Data items:
· · · · · · ·

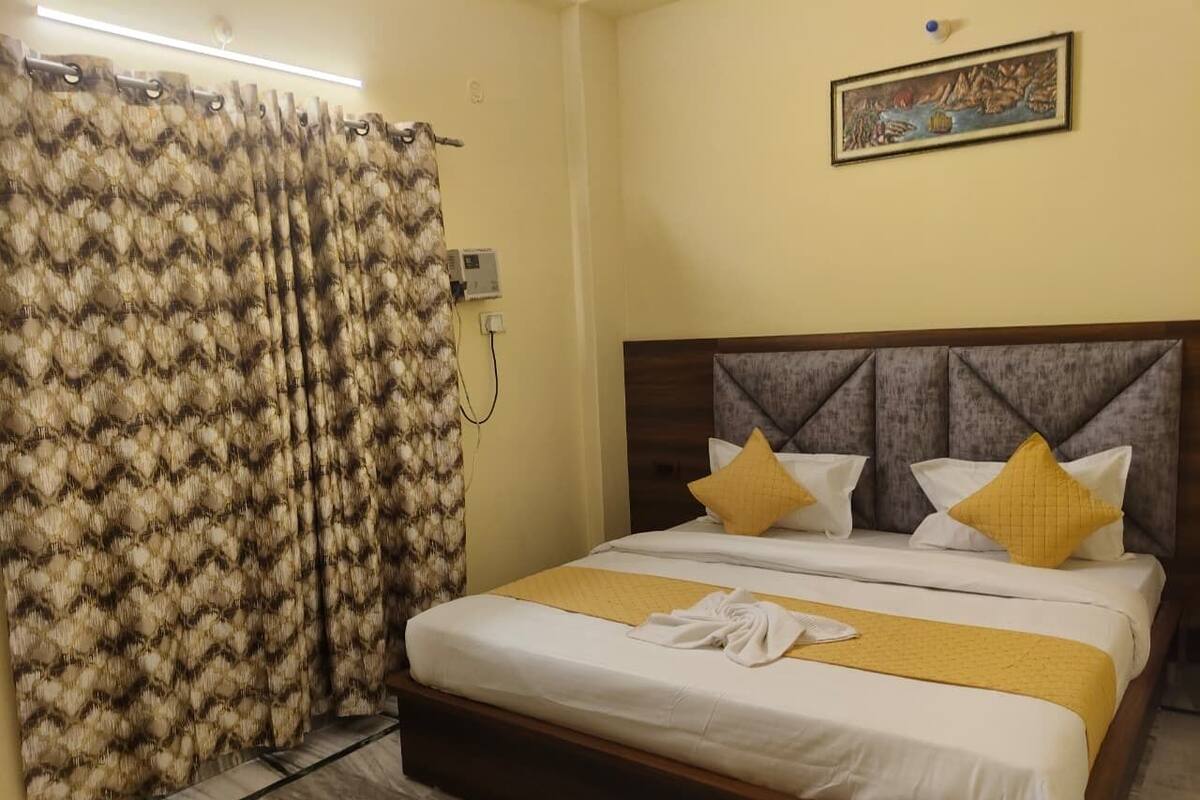 Deluxe Double Room, Balcony, City View | In-room safe, desk, free WiFi
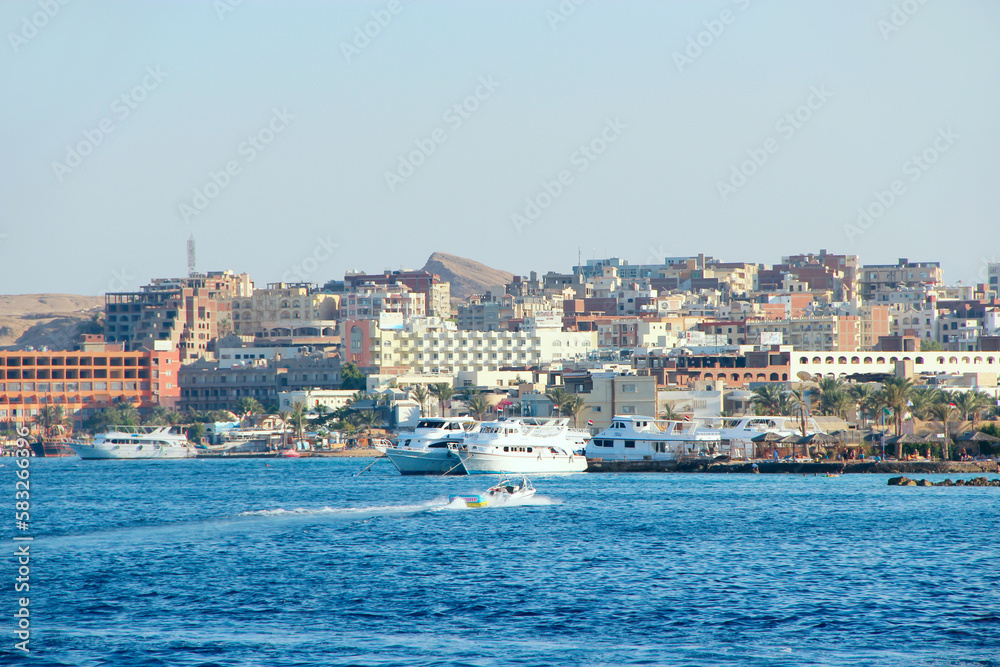 View of embankment of Hurghada with moored yachts, ships and beautiful mosque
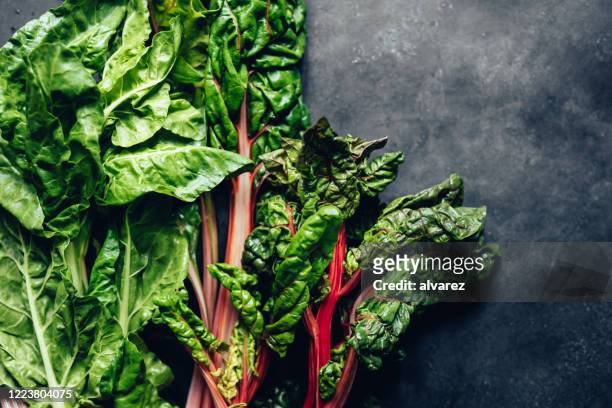 spinach and chard leaves on black background - leaf vegetable stock pictures, royalty-free photos & images
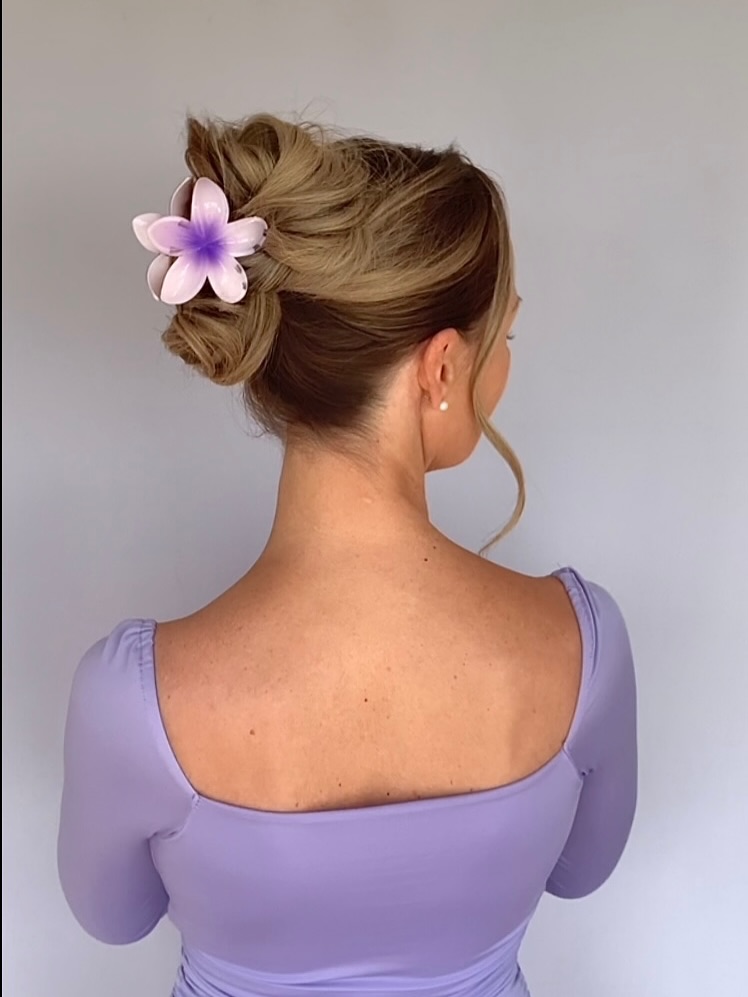 Relaxed Low Bun With Wispy Face Frames And Flower Clip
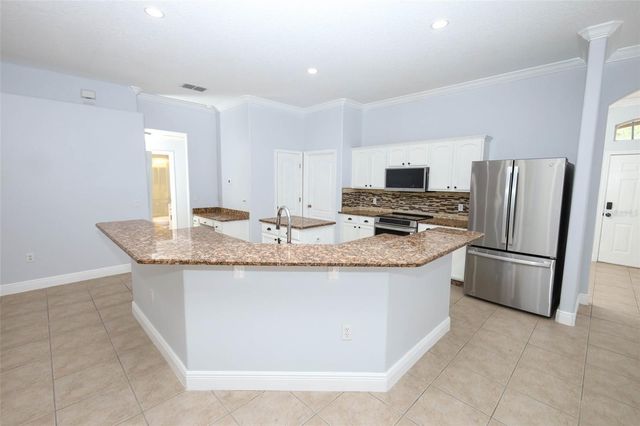 2106 THE OAKS BOULEVARD, Kissimmee, FL 34746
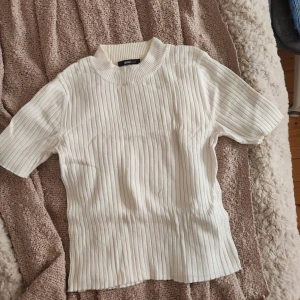Vit ribbad topp från Gina Tricot - Säljer en vit ribbad topp från Gina Tricot i storlek S. Toppen har korta ärmar, rund hals och ett snyggt vertikalt ribbat mönster som ger en clean och fräsch look. Perfekt att styla med jeans eller kjol för en enkel men trendig outfit.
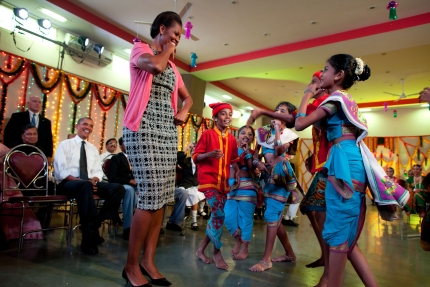 First Lady Michelle Obama dances with students during Diwali 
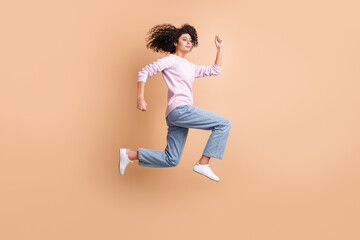 Fototapeta na wymiar Full length profile portrait of attractive active person running look curious isolated on brown color background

· · · · · · ·

Problem description:
Write the data out again word for word; leave the pictures behind.

Answer section:
 Deluxe Double Room, Balcony, City View | In-room safe, desk, free WiFi
 View of embankment of Hurghada with moored yachts, ships and beautiful mosque
 spinach and chard leaves on black background - leaf vegetable stock pictures, royalty-free photos & images
 Relaxed Low Bun With Wispy Face Frames And Flower Clip
 2106 THE OAKS BOULEVARD, Kissimmee, FL 34746
Vit ribbad topp från Gina Tricot - Säljer en vit ribbad topp från Gina Tricot i storlek S. Toppen har korta ärmar, rund hals och ett snyggt vertikalt ribbat mönster som ger en clean och fräsch look. Perfekt att styla med jeans eller kjol för en enkel men trendig outfit.
 First Lady Michelle Obama dances with students during Diwali 
 Fototapeta na wymiar Full length profile portrait of attractive active person running look curious isolated on brown color background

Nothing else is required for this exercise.